■ THE DATA:
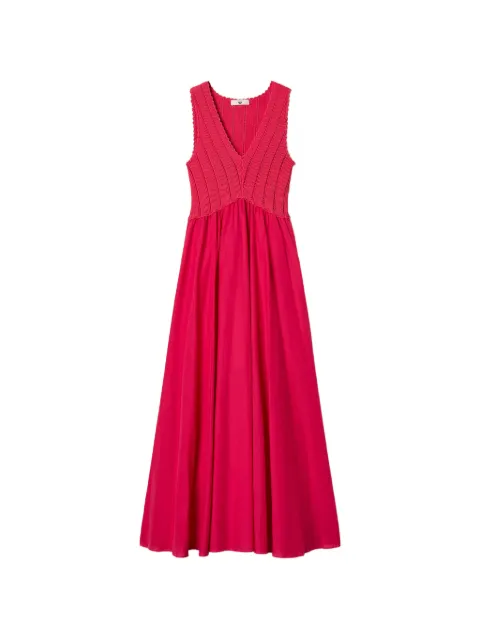 TWINSET long dress with knit bodice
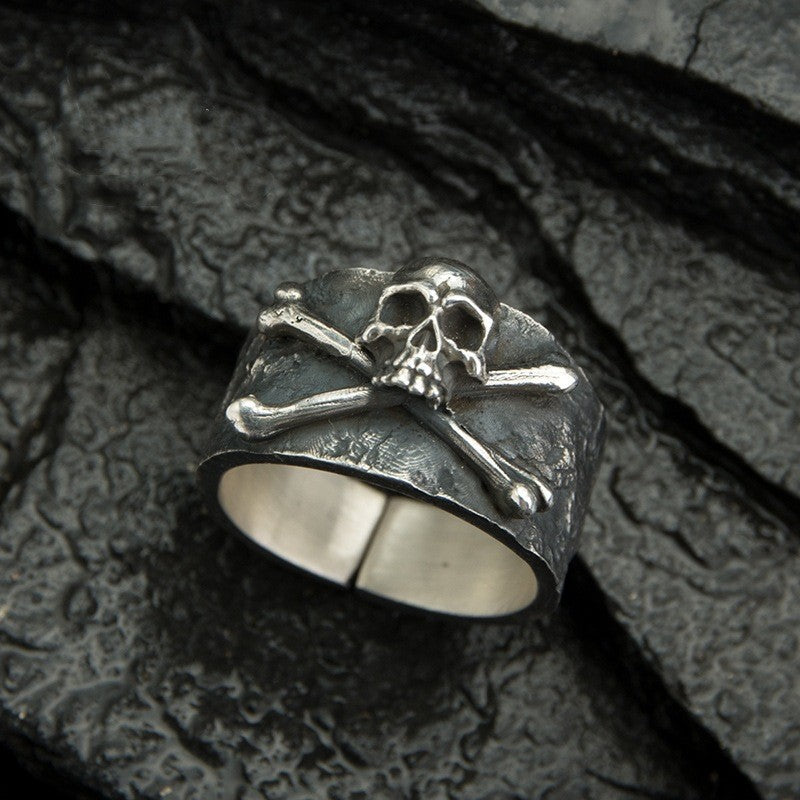 Gothic Punk Skull Ring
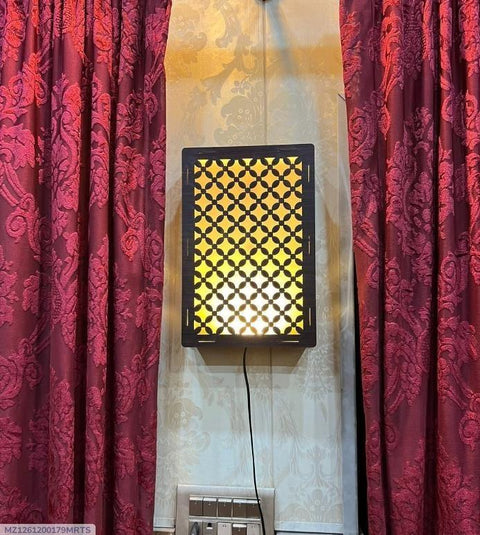 Laser Cut Wooden Wall Sconce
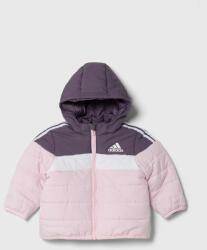 Adidas geaca copii culoarea roz 9BYX-KUG03E_30X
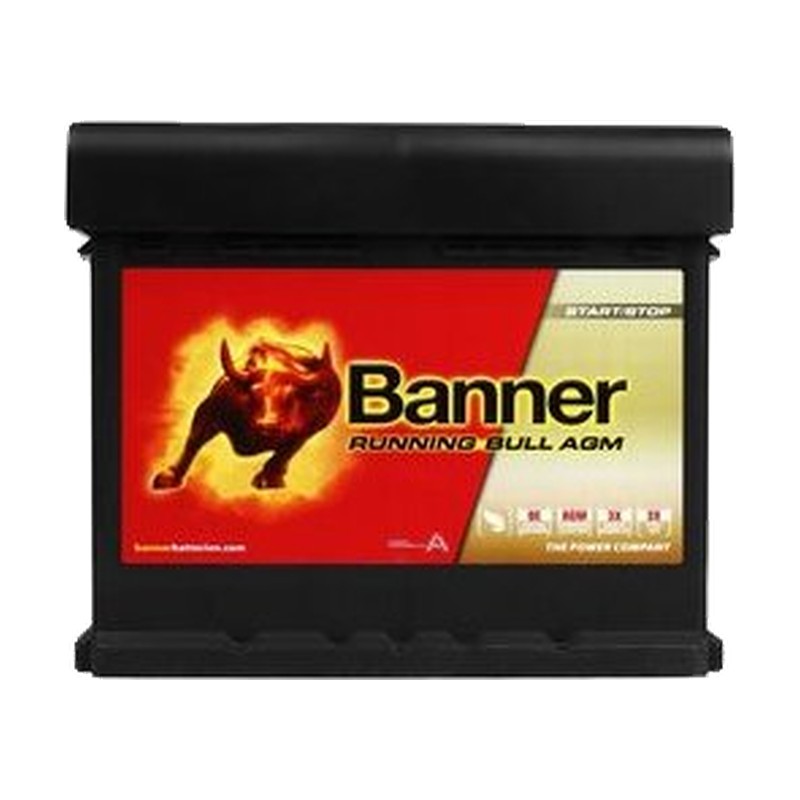 Акумулятор BANNER 6СТ-50 (0) 540А Running Bull AGM (55001)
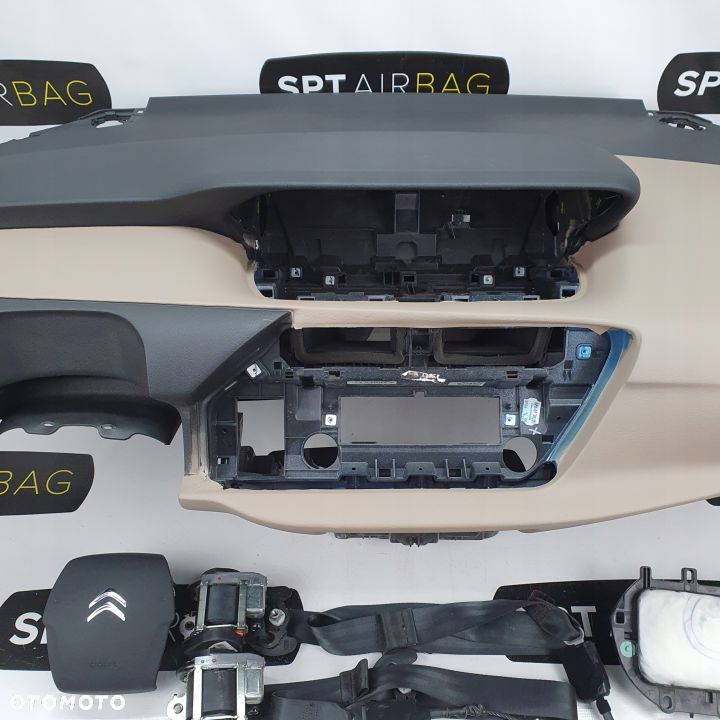 CITROEN C4 PICASSO DESKA ROZDZIELCZA KONSOLA KOKPIT PULPIT PODUSZKI AIRBAG AIR BAG PASY KIT SET - 3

■ TO DO: Write out again the lines from the one with "Акумулятор BANNER 6СТ-50" through the end of the records exactly, without any of the pictures.

■ REPLY:
 Акумулятор BANNER 6СТ-50 (0) 540А Running Bull AGM (55001)
 CITROEN C4 PICASSO DESKA ROZDZIELCZA KONSOLA KOKPIT PULPIT PODUSZKI AIRBAG AIR BAG PASY KIT SET - 3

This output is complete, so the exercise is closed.